[Dataset items]
---

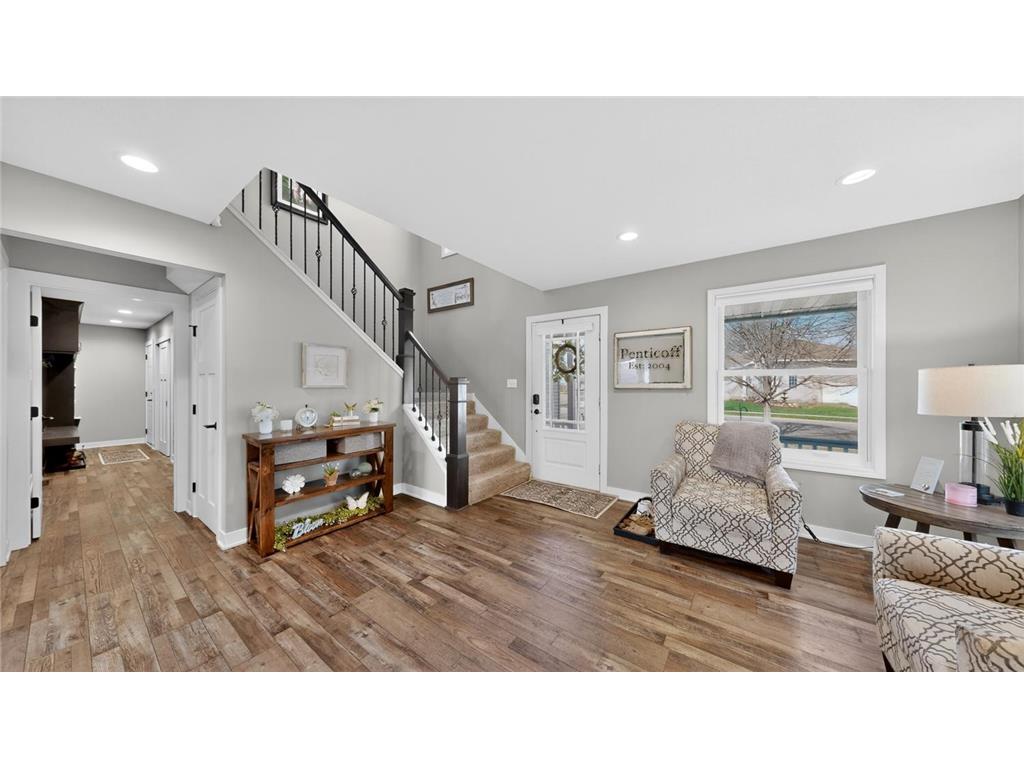 4826 57th Street NW Rochester MN 55901 7062527 image3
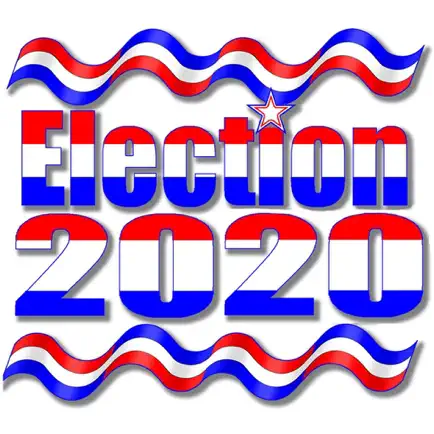 Election 2020 Electoral Votes Читы
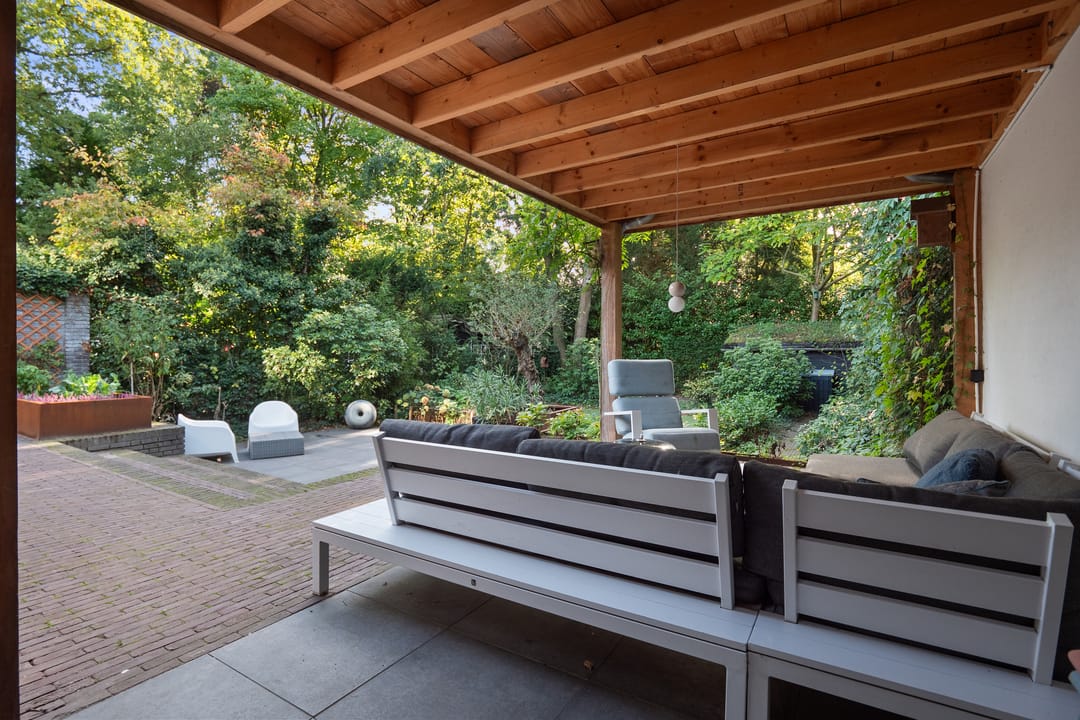 Foto 41 van Helvoirtseweg 203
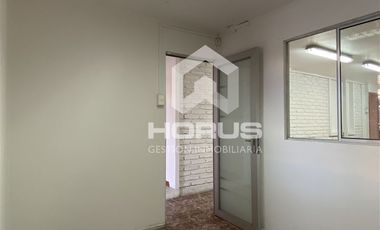 Casa en Arriendo en Local comercial u oficina en Villa Codelco.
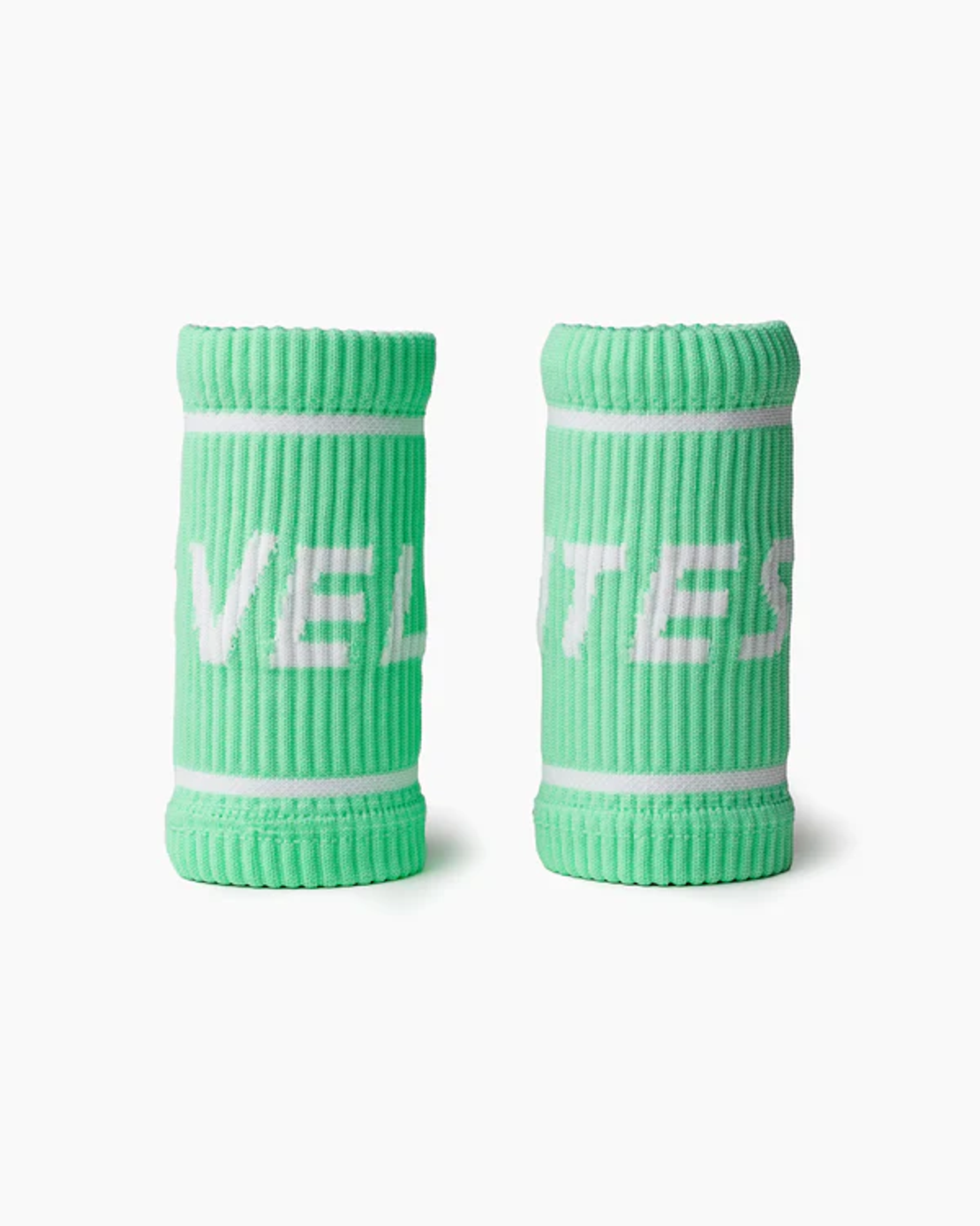 מגני זיעה / מגני אמה VELITES - מנטה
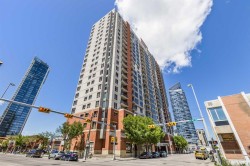 2407-1053 10 Street SW Calgary, AB T2R 1S6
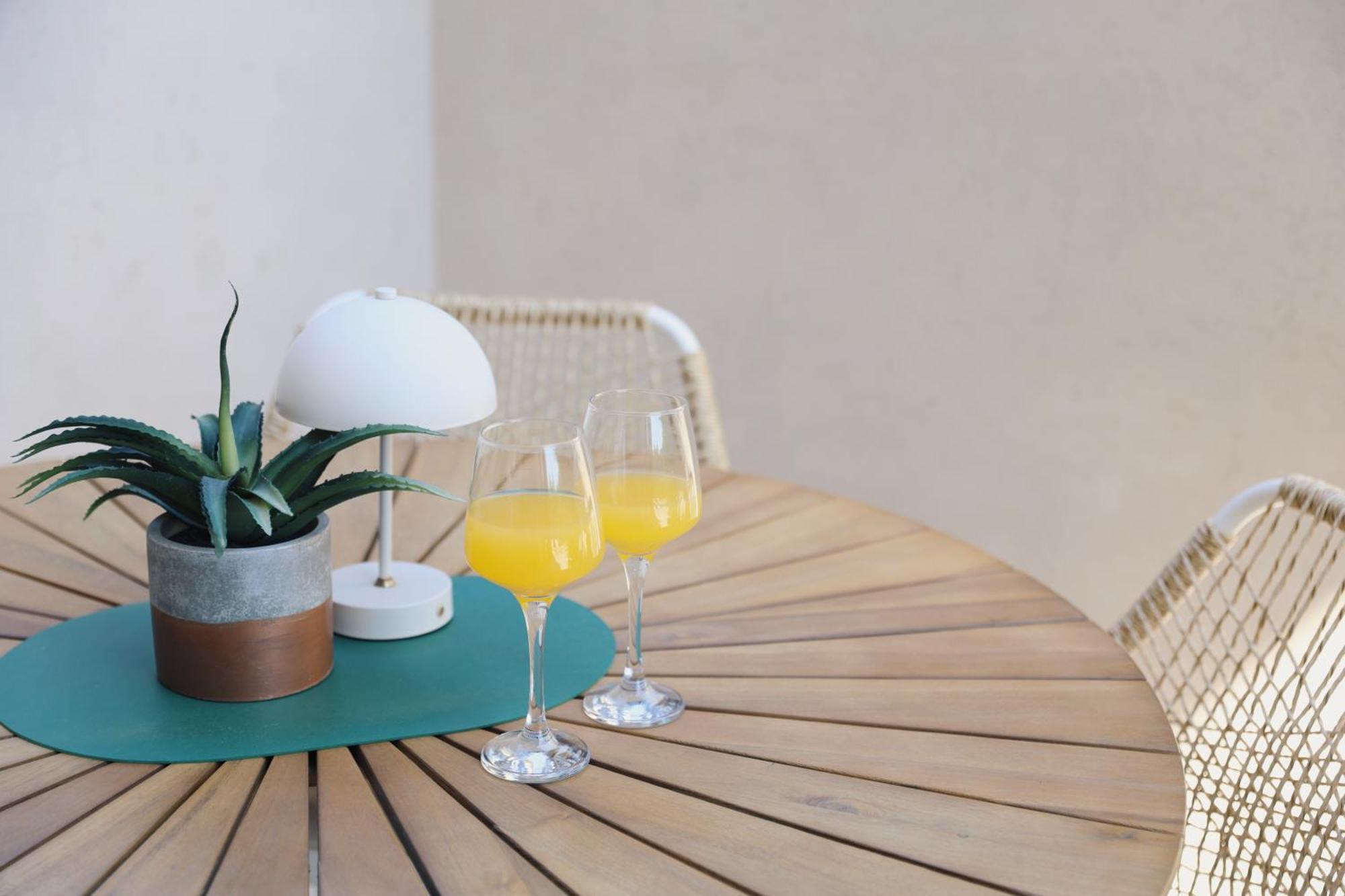 Apartman M&K Dubrovník Exteriér fotografie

---

An exact copy of the records above is needed, with the pictures removed.

 4826 57th Street NW Rochester MN 55901 7062527 image3
 Election 2020 Electoral Votes Читы
 Foto 41 van Helvoirtseweg 203
 Casa en Arriendo en Local comercial u oficina en Villa Codelco.
 מגני זיעה / מגני אמה VELITES - מנטה
 2407-1053 10 Street SW Calgary, AB T2R 1S6
 Apartman M&K Dubrovník Exteriér fotografie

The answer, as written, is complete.